* What to do *
Set down exactly the lines in the records below that run from the line with "a white cake" to the line with "Model holding SOPHIA", inclusive, and nothing more.

* Records for this task *
---

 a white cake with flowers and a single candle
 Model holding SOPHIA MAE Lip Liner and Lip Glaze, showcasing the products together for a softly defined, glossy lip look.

---

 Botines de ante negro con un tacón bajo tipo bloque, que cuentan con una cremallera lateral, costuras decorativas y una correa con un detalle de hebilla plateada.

---

* Your response *
 a white cake with flowers and a single candle
 Model holding SOPHIA MAE Lip Liner and Lip Glaze, showcasing the products together for a softly defined, glossy lip look.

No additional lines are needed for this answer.